68 thoughts on “Pixel Scroll 1/15/22 Pixelpunk Scrollcore

  1. (18) David Brin’s very early work “The Crystal Spheres” uses the “aliens are sleeping” idea.

  2. But one result of only having Calvin and Hobbes available in books is that these books are in school libraries and six- and seven-year-old kids love reading them.

    Six and seven seems a little young to be enjoying Calvin and Hobbes, aside from the kids who are reading at a higher level than their peers.

    I’m trying to remember when I began reading comic strips in the 1970s — mostly Peanuts in the newspaper and the skinny paperback books — and I’d say I was nine or 10. I soon graduated into Doonesbury. That was a formative experience for my liberal political beliefs and appreciation for irony.

  3. 14) Our bookstore keeps some Calvin & Hobbes in the kids’ books, where they are pounced on, and some back with the comics and humor, where they are also pounced on. I assure you, they sell a helluva lot better than Cathy or Herman collections.

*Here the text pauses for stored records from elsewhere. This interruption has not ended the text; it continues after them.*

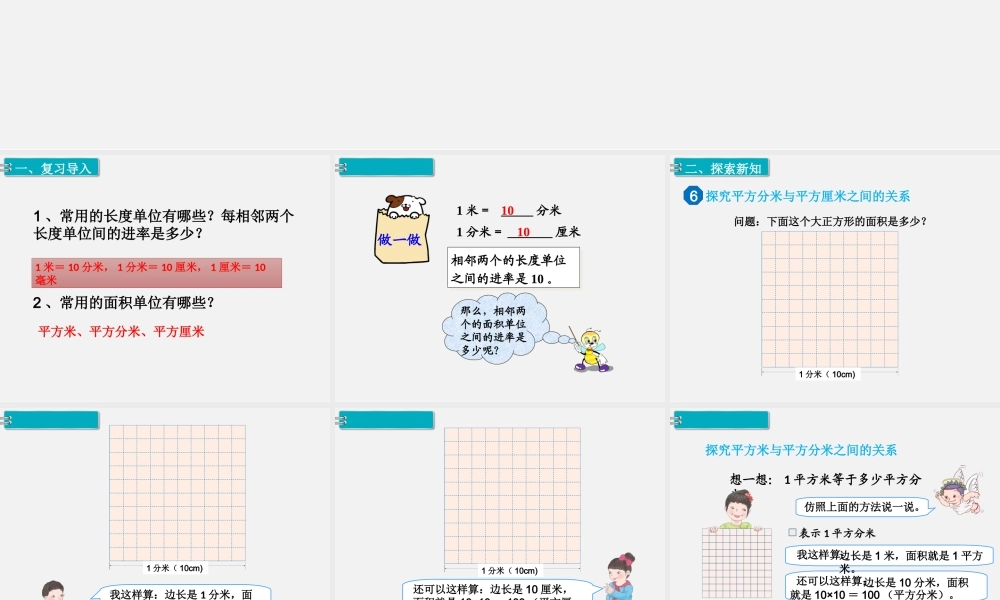 第6课时 面积单位间的进率.ppt
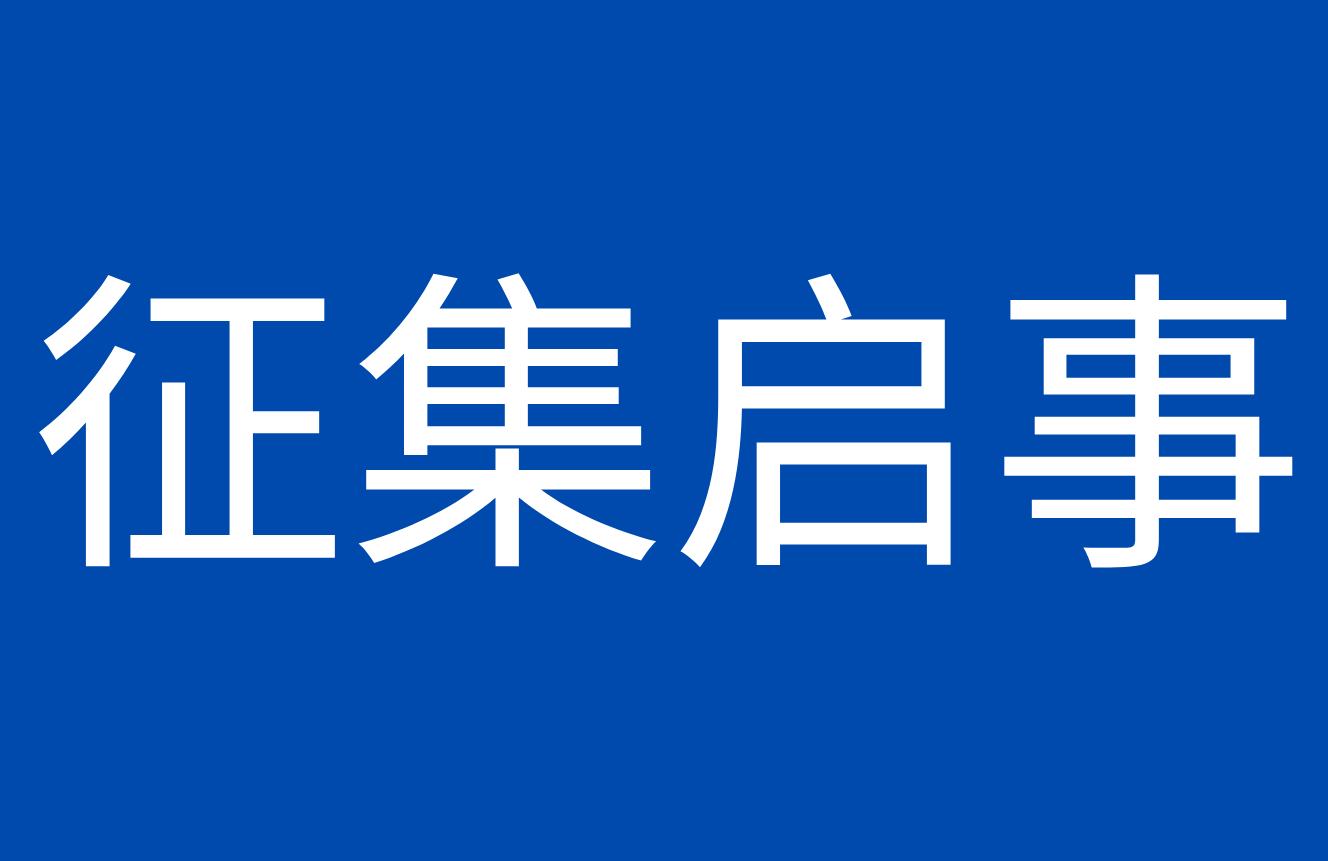 中国侨联关于华侨文物与历史记忆征集启事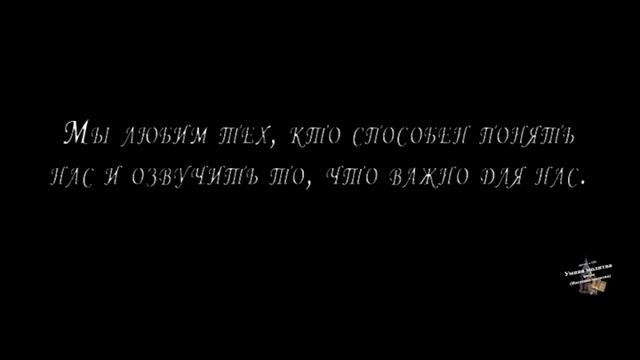 Зрелая любовь – ко Христу и человеку (1).mp4 смотреть онлайн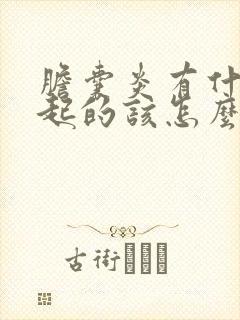 胆囊炎有什么引起的该怎么治疗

  4. Lloyd Bridges does get be genre – he was the commander of the moonbase in Airplane II: the Sequel. He did a memorable parody of Kirk in that, where he gets into the elevator, and says, “Bridge” (Sir, we don’t have a bridge….”).

  5. Robert Silverberg actually won 3 Hugos , Five Nebulas, and is an SF Grandmaster. He was also president of SFWA. His extraordinarily long and productive career, which included editing and non-fiction work, got rather short shrift in today’s birthday listings. Please correct the entry.

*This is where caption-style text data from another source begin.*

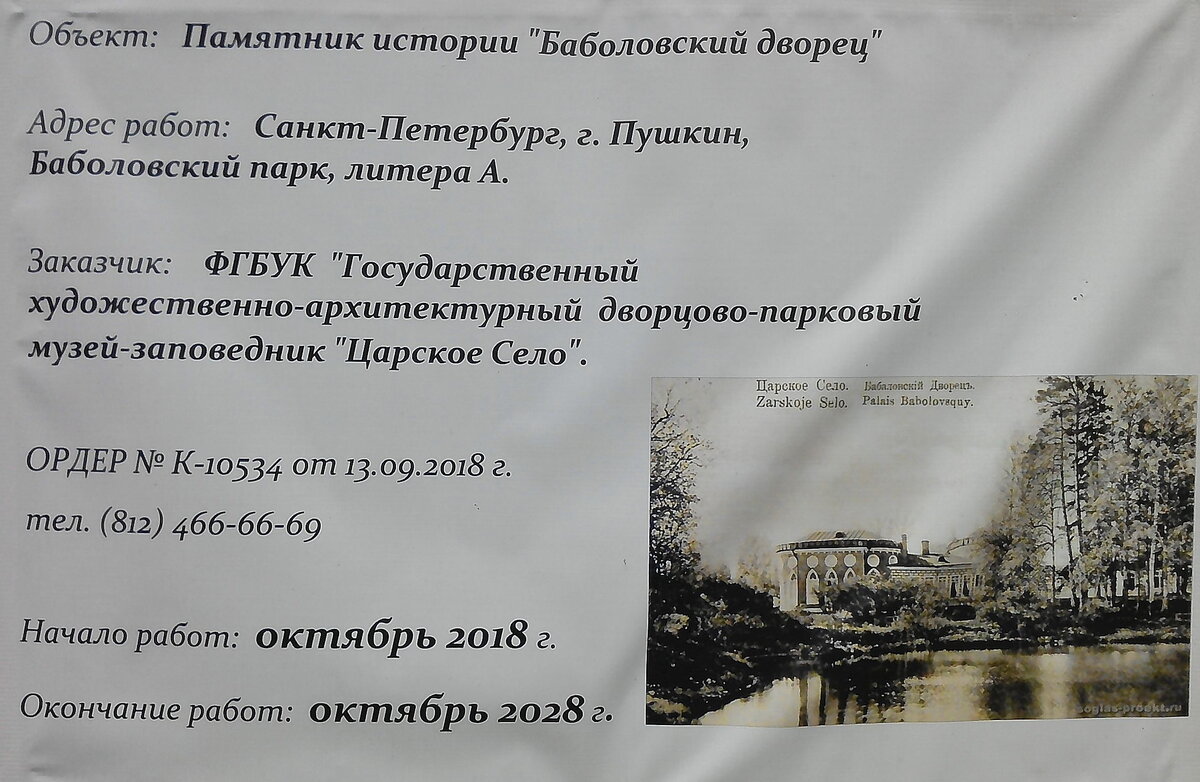 Баболовский дворец: исчезающая красота российской императорской архитектуры  | открывай мир вместе со мной 🌏 | Дзен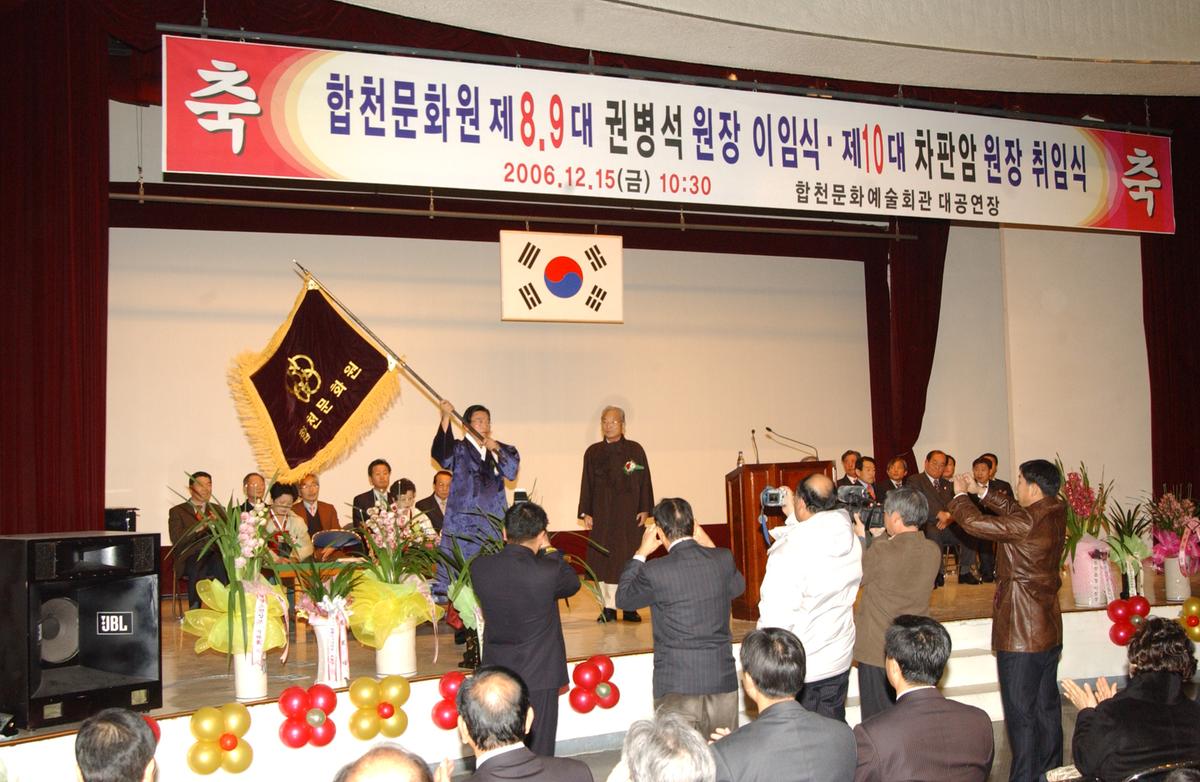 합천문화원 이임식.취임식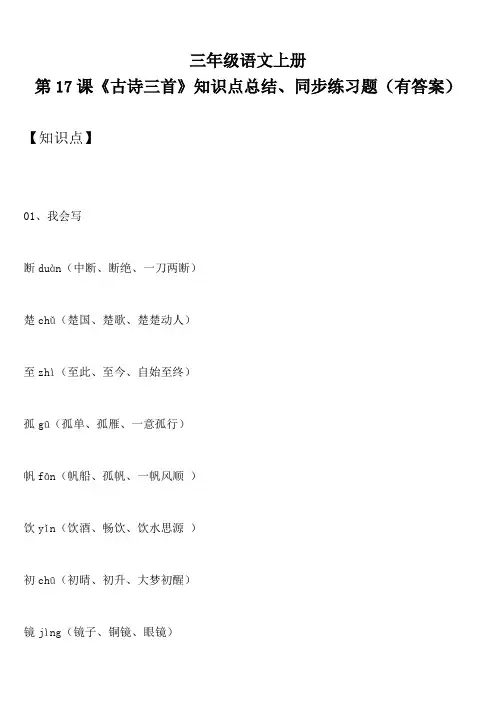 三年级语文上册 第17课《古诗三首》知识点总结、同步练习题(有答案)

  6. Michael J. Lowrey says Our bookstore keeps some Calvin & Hobbes in the kids’ books, where they are pounced on, and some back with the comics and humor, where they are also pounced on. I assure you, they sell a helluva lot better than Cathy or Herman collections.

    The last time I saw in my favorite book book store which I admit was before I fractured out my right knee and ended getting three surgeries on it, so well over two years ago, had the collections in three places — in the children’s section, in the humor section and in the graphic novel section as well.

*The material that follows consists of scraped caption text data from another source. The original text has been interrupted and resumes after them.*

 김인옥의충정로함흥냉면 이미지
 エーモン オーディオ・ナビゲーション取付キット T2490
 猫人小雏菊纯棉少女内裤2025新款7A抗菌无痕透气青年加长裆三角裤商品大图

  7. (15) It’s weird, seeing it called “The Rosenbach” all by itself without “Museum & Library”. For a few years in my early 20s I lived across the street at 2015 Delancey Place, until the neighbors (a snooty lot) got the 11 of us kicked out for not being within the zoning laws, because of a huge party with a live band the year before I moved in. (Yes, it was a big enough house — one of the great old Rittenhouse Square-area rowhouse mansions, with 9 bedrooms, although a bit dilapidated by the time I lived there; the speaking tubes didn’t work any longer. Now it’s being used as a single-family home, as it was zoned for.)

    (12) Lloyd Bridges? What about as Mr. Graynamore in Joe vs. the Volcano?

  8. 4) For a show that was on record as ending, The Expanse teased the books’ coming storylines hard. Given the time skip between books 6 and 7, the obvious thing to do is to continue the show a few decades from now so they don’t have to age up the actors…

    Thanks for the credit!

  9. @Camestros thank you very much for the extrapolation. I despise sitting through podcasts and have been looking at squeecore via Twitter reactions. As a writer of SF featuring boy bands and cute feathery dinos I’m tempted to reclaim the term, but I’m probably still going to clash with the kind of folks who think ancient references like -punk/-core are still rad and gnarly.

  10. (13) Definitely noted for future viewing. I’ve probably been watching too much dystopic fiction lately.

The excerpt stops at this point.